**Aim of the exercise:** An exact copy of the data is needed, one that excludes all pictures.

**Data excerpt:**

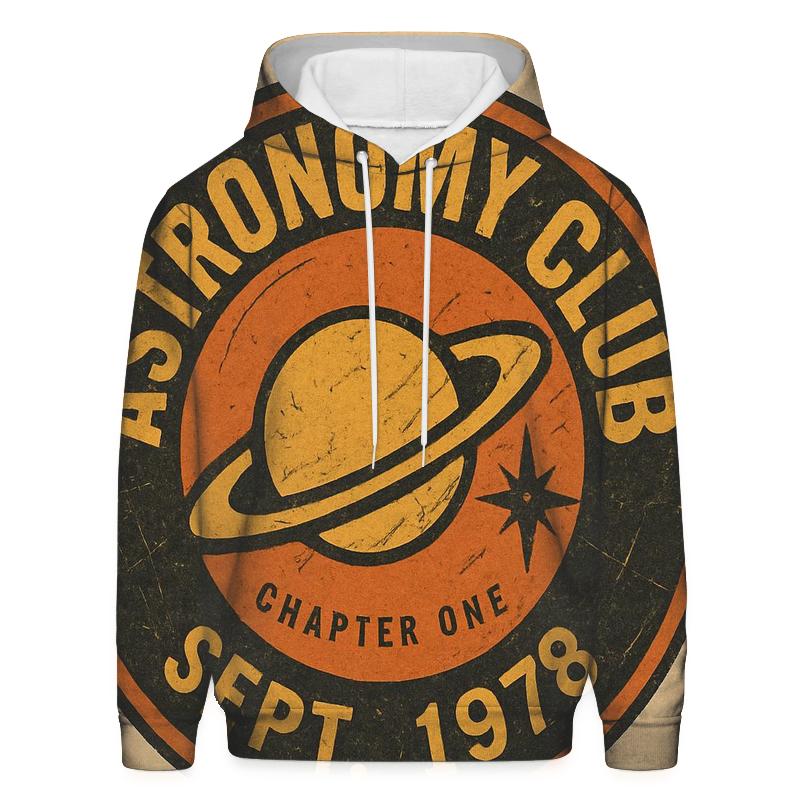 Distressed Vinyl Record Astronomy Club Badge pullover hoodies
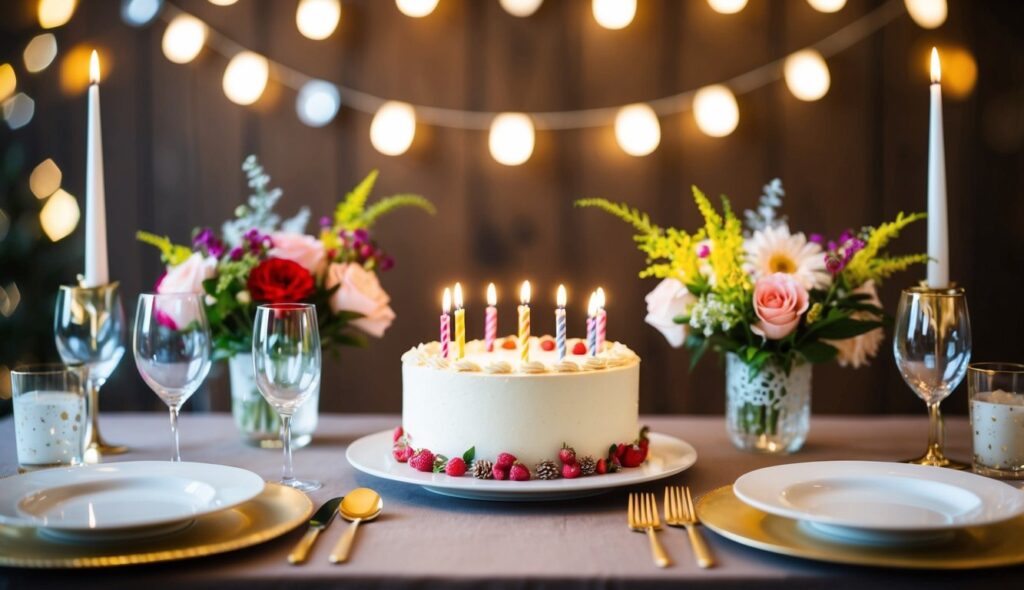 Une table festive avec un gâteau d'anniversaire, des fleurs et des décorations élégantes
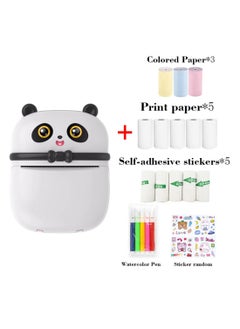 Mini Pocket Panda printer Bluetooth Wireless Smart Printer with Android APP (including a roll of paper)+3 colored papers+5 stickers+5 regular papers+colored pens+random stickers * 1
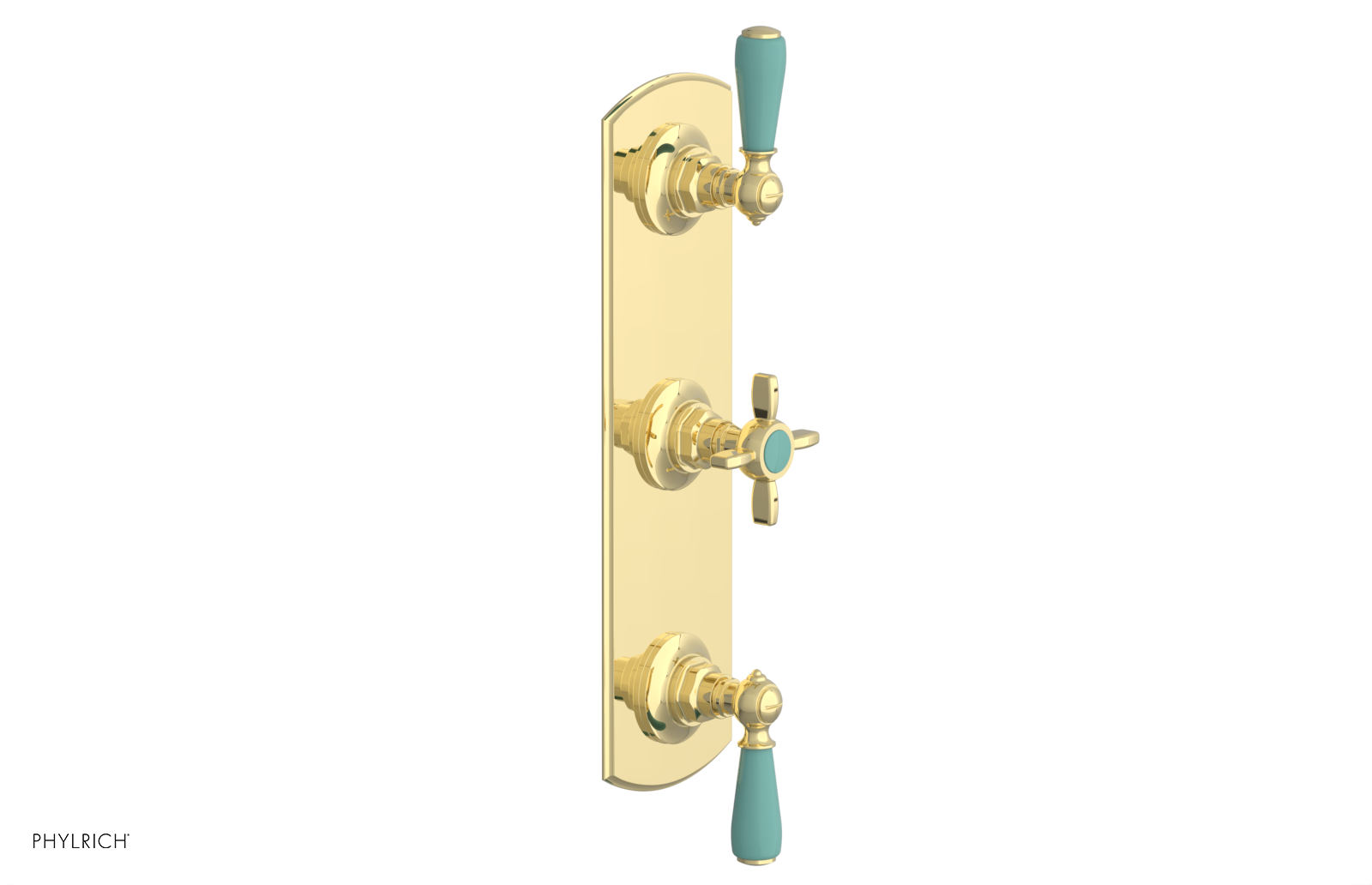 Jamestown Thermostatic Shower Valve with Dual Volume Control - Turquoise Accents (Model 4-740) for Modern Bathroom Renovations & Luxury Spa Experience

**Exercise result:**
 Distressed Vinyl Record Astronomy Club Badge pullover hoodies
 Une table festive avec un gâteau d'anniversaire, des fleurs et des décorations élégantes
 Mini Pocket Panda printer Bluetooth Wireless Smart Printer with Android APP (including a roll of paper)+3 colored papers+5 stickers+5 regular papers+colored pens+random stickers * 1
 Jamestown Thermostatic Shower Valve with Dual Volume Control - Turquoise Accents (Model 4-740) for Modern Bathroom Renovations & Luxury Spa Experience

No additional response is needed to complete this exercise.